[OS X TeX] OT: Scanners, OCR, searchable pdf files, Acrobat Pro 9

Sun Aug 2 20:35:39 EDT 2009

On Sun, Aug 2, 2009 at 7:00 PM, Claus
Gerhardt<gerhardt at math.uni-heidelberg.de> wrote:
> my handwritten lecture notes and also printed documents, and in the process
> I also experimented with the OCR capabilities of Acrobat Pro 9.
> The S1500M lived up to the high expectations I had because of the raving
> reviews, it works quickly and the results are excellent: several scanning
> modes can be predefined including duplex scanning, resolutions, OCR, ...
> OCR of course works only for printed documents. For scans of handwritten
> notes I usually add a front page (using pdflatex and pdfselect) with some
> keywords. In Acrobat Pro 9 one can also add Bookmarks for easier navigation.
> I have many pdf files of scanned old journal articles which are not
> searchable, but in Acrobat Pro 9 these files can be made searchable after
> specifying a language. A 42 pages mathematical paper was OCRed in less than
> a minute.
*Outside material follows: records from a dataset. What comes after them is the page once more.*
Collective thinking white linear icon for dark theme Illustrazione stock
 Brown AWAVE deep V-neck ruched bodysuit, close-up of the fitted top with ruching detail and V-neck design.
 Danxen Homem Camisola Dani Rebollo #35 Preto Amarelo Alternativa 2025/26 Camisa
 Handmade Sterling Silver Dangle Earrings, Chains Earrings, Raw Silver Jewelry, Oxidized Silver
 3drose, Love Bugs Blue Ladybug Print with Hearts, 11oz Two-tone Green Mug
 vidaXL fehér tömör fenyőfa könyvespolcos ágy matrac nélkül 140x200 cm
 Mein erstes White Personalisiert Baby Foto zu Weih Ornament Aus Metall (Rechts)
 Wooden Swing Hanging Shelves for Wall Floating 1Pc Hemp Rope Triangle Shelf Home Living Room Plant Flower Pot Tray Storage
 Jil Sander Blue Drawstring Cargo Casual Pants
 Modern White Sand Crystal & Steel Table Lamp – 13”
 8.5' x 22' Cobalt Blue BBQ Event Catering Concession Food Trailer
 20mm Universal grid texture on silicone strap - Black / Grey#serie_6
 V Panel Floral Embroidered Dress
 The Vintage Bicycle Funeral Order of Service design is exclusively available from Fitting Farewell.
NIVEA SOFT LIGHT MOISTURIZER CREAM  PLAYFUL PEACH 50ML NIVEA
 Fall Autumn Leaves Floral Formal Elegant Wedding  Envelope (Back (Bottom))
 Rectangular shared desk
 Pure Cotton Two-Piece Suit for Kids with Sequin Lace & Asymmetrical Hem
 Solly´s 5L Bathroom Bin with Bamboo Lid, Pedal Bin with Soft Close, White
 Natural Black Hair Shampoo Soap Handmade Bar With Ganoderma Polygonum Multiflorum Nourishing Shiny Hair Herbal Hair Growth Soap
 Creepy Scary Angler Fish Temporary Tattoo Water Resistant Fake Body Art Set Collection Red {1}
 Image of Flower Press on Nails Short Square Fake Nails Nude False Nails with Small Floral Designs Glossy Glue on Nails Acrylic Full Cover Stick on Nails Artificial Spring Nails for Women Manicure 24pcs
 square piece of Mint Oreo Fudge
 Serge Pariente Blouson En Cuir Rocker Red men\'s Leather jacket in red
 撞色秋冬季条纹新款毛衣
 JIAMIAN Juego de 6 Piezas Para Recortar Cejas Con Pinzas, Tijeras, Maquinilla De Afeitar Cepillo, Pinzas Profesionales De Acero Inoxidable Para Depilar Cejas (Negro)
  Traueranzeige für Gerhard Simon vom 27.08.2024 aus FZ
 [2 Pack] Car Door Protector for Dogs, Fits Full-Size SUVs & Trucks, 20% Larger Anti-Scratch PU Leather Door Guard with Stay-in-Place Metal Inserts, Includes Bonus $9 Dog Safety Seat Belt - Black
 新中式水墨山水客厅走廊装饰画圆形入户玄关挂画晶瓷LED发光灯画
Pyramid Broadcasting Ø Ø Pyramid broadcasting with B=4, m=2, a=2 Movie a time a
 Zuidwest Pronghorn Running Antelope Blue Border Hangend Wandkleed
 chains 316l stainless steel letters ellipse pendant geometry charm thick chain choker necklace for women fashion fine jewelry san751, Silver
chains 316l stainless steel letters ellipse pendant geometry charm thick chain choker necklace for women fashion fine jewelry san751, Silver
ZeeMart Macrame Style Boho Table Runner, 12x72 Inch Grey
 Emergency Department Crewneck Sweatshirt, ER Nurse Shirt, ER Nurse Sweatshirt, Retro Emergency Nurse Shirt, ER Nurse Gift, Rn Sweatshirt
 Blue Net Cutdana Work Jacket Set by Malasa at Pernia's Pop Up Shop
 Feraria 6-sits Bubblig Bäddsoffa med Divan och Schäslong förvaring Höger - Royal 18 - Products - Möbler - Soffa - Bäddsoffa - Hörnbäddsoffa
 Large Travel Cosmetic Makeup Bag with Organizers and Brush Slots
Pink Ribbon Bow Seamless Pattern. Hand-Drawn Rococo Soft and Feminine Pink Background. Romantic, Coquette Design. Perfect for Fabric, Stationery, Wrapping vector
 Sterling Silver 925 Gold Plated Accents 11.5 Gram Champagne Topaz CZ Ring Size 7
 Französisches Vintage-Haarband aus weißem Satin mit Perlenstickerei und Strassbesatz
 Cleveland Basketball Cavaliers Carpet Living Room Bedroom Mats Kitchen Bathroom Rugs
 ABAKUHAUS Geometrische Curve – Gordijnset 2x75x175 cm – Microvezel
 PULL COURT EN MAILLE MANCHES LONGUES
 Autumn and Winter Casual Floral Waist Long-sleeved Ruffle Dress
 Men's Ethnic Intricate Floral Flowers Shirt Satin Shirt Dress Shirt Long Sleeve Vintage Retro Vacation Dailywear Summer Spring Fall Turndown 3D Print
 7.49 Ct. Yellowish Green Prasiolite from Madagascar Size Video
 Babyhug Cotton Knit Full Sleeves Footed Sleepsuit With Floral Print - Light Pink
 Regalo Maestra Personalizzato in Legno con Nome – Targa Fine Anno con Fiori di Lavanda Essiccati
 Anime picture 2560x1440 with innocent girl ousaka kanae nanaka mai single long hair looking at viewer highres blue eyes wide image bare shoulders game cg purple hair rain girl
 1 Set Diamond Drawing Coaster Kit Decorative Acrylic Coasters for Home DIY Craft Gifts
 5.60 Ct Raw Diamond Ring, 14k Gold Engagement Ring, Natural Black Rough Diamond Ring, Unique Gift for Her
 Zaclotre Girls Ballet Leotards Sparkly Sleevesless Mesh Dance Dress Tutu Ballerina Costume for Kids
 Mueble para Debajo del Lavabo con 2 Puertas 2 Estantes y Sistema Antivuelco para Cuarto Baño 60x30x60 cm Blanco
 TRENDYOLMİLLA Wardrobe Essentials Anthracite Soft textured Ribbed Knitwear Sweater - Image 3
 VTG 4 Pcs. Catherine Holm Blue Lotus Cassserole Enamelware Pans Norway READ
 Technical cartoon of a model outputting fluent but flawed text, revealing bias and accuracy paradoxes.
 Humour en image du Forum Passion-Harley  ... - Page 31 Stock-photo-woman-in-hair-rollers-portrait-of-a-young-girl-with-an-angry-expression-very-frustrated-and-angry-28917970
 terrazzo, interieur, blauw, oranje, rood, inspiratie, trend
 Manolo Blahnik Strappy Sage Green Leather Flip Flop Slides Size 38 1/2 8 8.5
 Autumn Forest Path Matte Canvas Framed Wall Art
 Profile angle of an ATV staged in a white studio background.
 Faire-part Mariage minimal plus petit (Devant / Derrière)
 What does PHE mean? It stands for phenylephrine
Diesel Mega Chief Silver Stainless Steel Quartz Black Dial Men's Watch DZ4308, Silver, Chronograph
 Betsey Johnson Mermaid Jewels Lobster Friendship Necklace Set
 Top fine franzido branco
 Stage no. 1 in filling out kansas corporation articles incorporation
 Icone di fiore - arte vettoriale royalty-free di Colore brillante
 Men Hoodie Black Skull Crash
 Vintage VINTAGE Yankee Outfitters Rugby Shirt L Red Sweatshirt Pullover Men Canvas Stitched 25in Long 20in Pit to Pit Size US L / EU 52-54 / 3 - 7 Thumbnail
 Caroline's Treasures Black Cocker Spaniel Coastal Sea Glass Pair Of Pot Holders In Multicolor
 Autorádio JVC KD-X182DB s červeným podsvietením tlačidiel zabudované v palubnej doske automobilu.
A check (including Spotlight) worked fine.
> In short the S1500M is a beauty.

Few remarks.
1) Scanning one must identify correctly the type of document. F.e.
scanning mathematical book or handwriting one (usually) should
identify document as text or black/white and select b/w threshold
properly. This allows usually crispy clear text while removing traces
of the paper being lined or block. Also it makes pdf much smaller. My
experiments with two adjacent pages of the old book with yellowish
paper show that scanning in color brings up to 5MB, grayscale 2MB and
b/w with much better quality only around 80KB. All these MBs go to
reproduce paper color, speckles and shadows

2) AP 9 is much better than AP 8 which in turn was much better with
scanned documents than AP 7. One of the problems AP can address arises
when one scans the page from the journal/book which never places
properly on the glass.

Document > Optimize Scanned Document

works like charm removing speckles and rotating pages automatically.
Cropping works really well too

3) OCR becomes a problem with documents which contain plenty of
formulae or non-Latin based. AP 7 was really bad with those, AP 8 was
better and I had no need to experiment extensively with AP 9. The good
news is that ABBY Fine Reader works great with those and it is built
into Djvu Document Express. The bad news is that it is purely Windows
and is *extremely* expensive. Long ago djvu produced much smaller
documents than AP7 and there are many OCRed old journals in djvu
format (see http://numdam.org and http://projecteuclid.org f.e.) but
Djvu Document Express was neglected for many years and AP made a
really big progress.

I am familiar with this as I digitalized by myself many of my articles
spanning from 1969 to 1990

Victor

-- 
========================
Victor Ivrii, Professor, Department of Mathematics, University of Toronto
http://www.math.toronto.edu/ivrii